You know, you're not the only one to say that. I've read the same thing from other respected members that love their sealants. They don't rate the C2 at all.


----------



## titanflux (Mar 7, 2010)

type[r]+ said:


> You know, you're not the only one to say that. I've read the same thing from other respected members that love their sealants. They don't rate the C2 at all.


Mmmm. Maybe I should look at Wolf's or werkstadt?


----------



## slrestoration (Nov 11, 2009)

Have a peek at either of the Nanolex Premium sealants easier to apply than the Professional. Decent durability & the spray can be used on plastics aswell


----------



## ColinA5 (May 30, 2007)

Deleted!


----------



## twissler (Apr 6, 2009)

Blackfire Wet Diamond is the easiest LSP I've used and the results are amazing. It's given me about 4 months durability over the winter which is pretty good considering the weather. It really does add something to the finish which IME most LSP's don't. It's not cheap, £30 for a bottle but a little goes a long way.


----------



## titanflux (Mar 7, 2010)

Thanks for all the advice, yet again. I think I might go down the Zaino route for the first time. Trouble is, do I go for Z2 PRO or Z5 PRO? an I use them on the wheels too or should I use something else like Z-CS?

On the chmical guys front I might try Black Light Hybrid Radiant Finish + Hybrid V7 Optical Sealant. Choices, choices...


----------



## PWOOD (Apr 30, 2007)

Look into hydrophobic LSP's and detailing sprays which help avoid water spots forming. I have used Megs Ultimate Quick detailing spray which on its own provides a barrier for a couple of washes. There are now better products along the same lines but as I have not tried them would rather not speculate on what is the best.


----------



## Razzzle (Jul 3, 2010)

i'd go for the wolfs nano paint sealant from waxamomo (sp?)

They're both on here a lot - I'll be getting some to test eventually, it looks to be the dogs though.

Daz.


----------



## Mirror Finish Details (Aug 21, 2008)

I still think Opti Seal is one of the best.
Two coats gives easily 6 months protection, paint looks and feels like glass afterwards.
Can be used on glass and plastic trim as well.

Don't forget to clay and Ironx the car first, I did a new 5 series the other week and the clay was quite dirty after.

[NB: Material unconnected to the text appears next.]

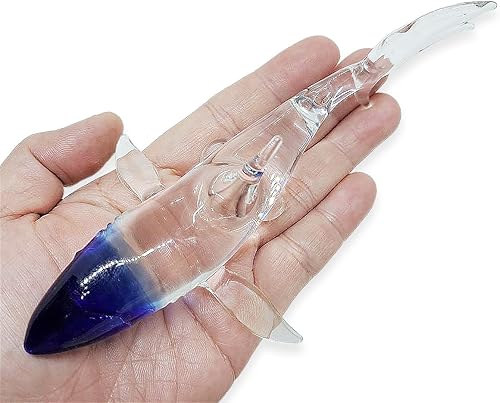 Miniatura 12 de WitnyStore Pequeña figura de tiburón azul oscuro de 5 pulgadas de largo, tiburones de vidrio soplado a mano en miniatura, vida marina, peces Azul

I'm always around Manchester if you need any advice or pop by the unit for a impartial chat.


----------



## ColinA5 (May 30, 2007)

Deleted!


----------



## titanflux (Mar 7, 2010)

But the car is metallic black..


----------



## Blueberry (Aug 10, 2007)

I've just tried CG Blacklight on my husband's black metallic Discovery 4 today and I was really impressed:thumb: Applied with a micro fibre pad, applied to all the car, left to cure for 15 minutes and buffed off really easily. Oh and the sun was shining too and no issues, unlike wax, which can be very temperamental.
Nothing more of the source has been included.